● **Directions**: Take the records below and set down exactly the lines from the one with "Wild garlic in" to the one with "Le alghe sulle", ends included; do not copy the pictures.

● **Data supplied**:
___

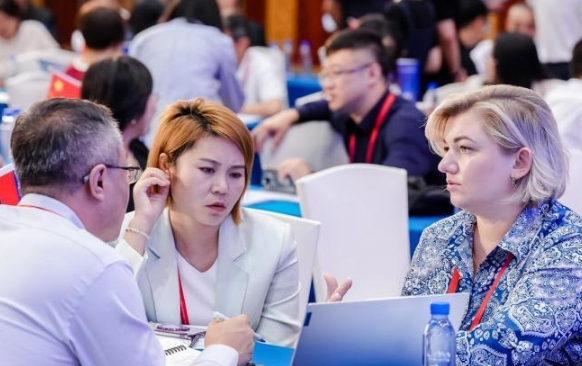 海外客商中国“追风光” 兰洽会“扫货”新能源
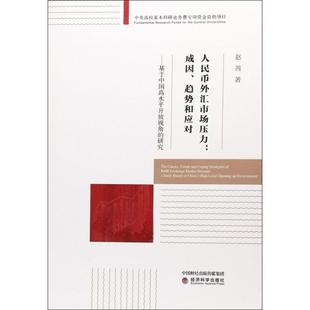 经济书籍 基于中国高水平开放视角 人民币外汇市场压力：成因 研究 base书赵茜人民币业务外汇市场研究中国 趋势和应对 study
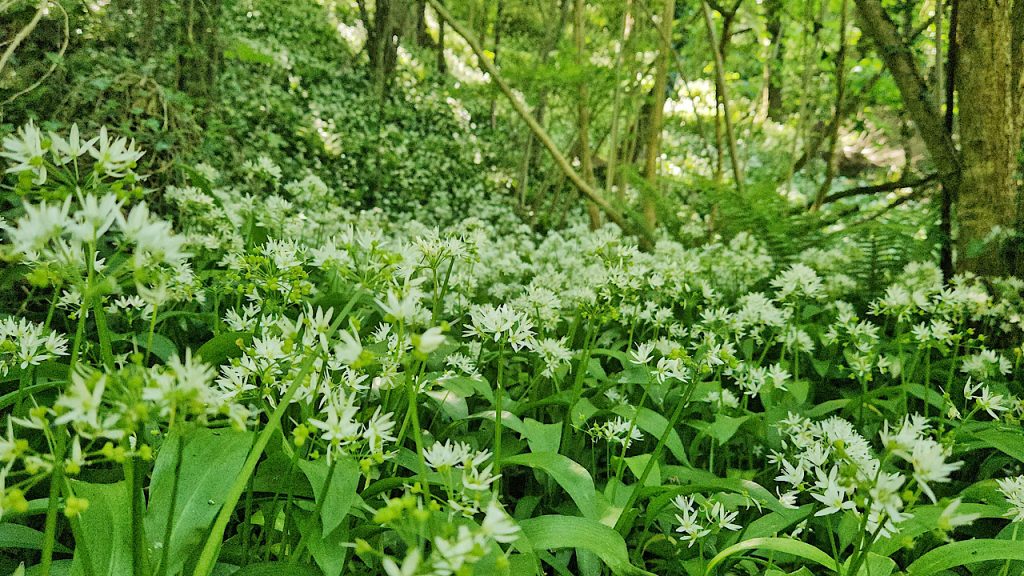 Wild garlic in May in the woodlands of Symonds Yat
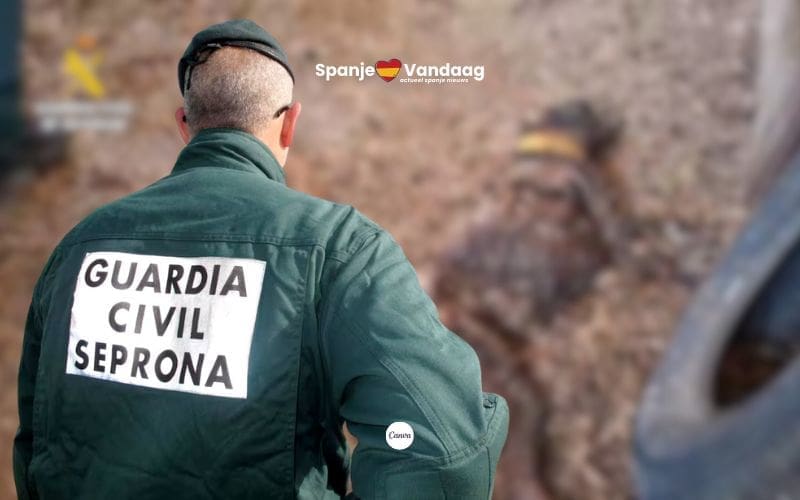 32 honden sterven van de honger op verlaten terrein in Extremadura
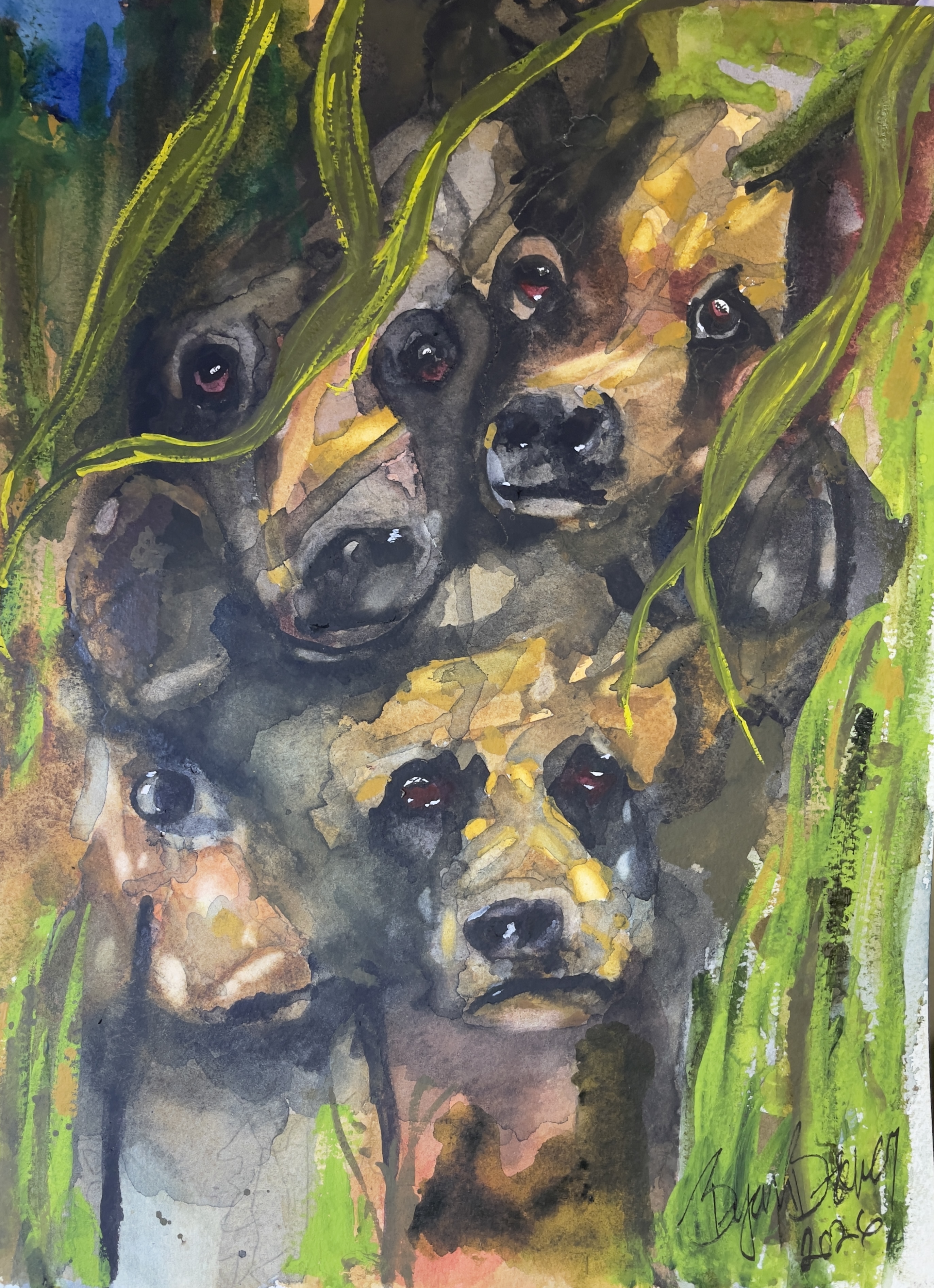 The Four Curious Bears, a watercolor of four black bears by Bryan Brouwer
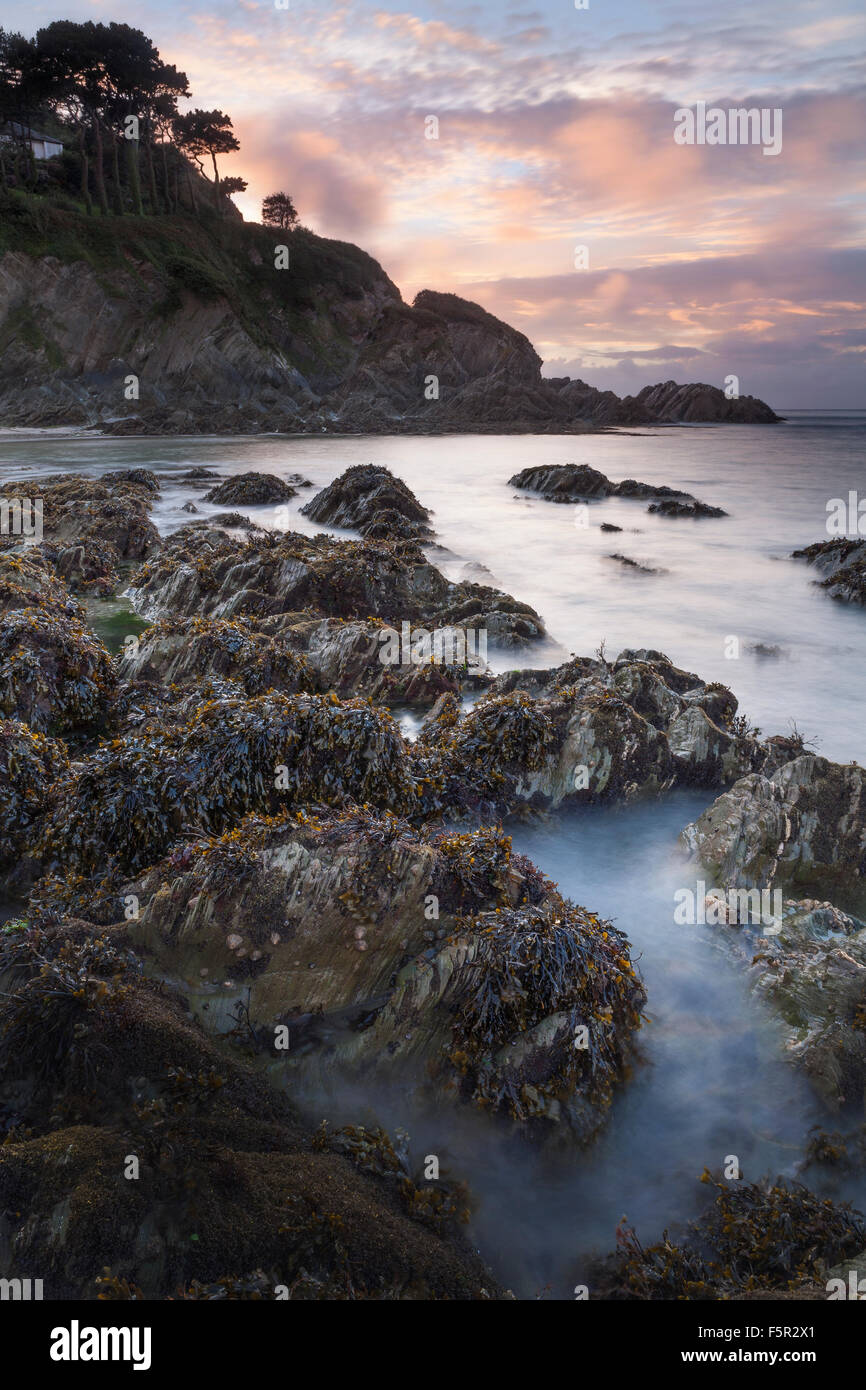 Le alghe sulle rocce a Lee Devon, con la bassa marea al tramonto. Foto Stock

___

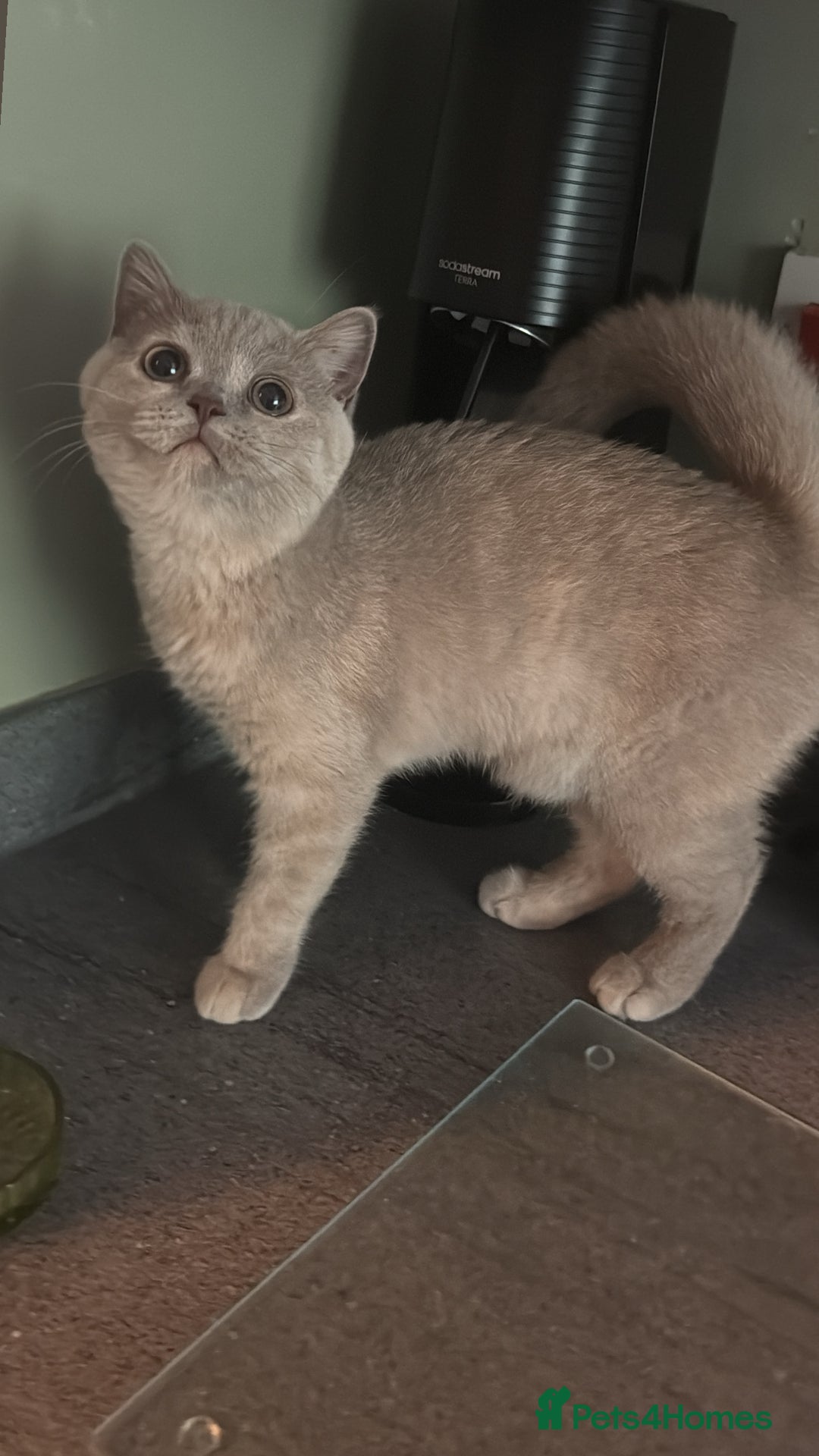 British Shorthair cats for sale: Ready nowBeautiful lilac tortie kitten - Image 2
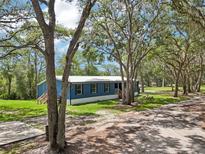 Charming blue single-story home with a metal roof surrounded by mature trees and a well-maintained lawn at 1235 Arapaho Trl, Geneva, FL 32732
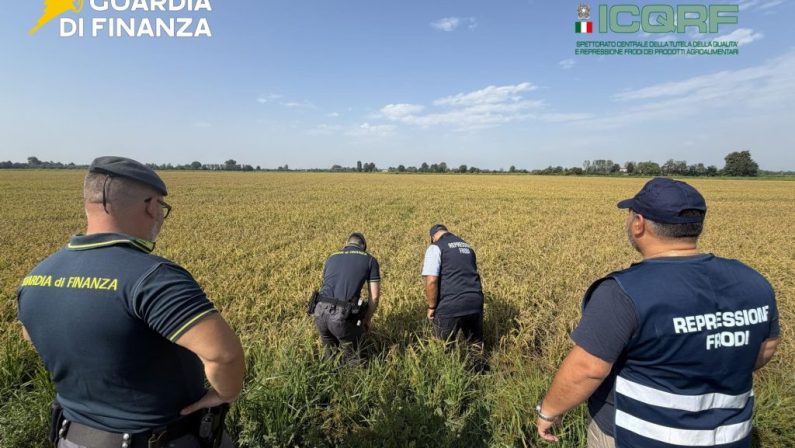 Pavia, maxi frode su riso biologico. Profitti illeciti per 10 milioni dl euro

___

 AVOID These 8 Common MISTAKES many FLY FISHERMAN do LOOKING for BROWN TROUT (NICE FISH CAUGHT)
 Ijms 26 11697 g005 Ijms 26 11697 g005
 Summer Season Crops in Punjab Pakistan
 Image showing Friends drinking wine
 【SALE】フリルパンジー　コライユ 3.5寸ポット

___

● **Answer for the task**:
 Wild garlic in May in the woodlands of Symonds Yat
 32 honden sterven van de honger op verlaten terrein in Extremadura
 The Four Curious Bears, a watercolor of four black bears by Bryan Brouwer
 Le alghe sulle rocce a Lee Devon, con la bassa marea al tramonto. Foto Stock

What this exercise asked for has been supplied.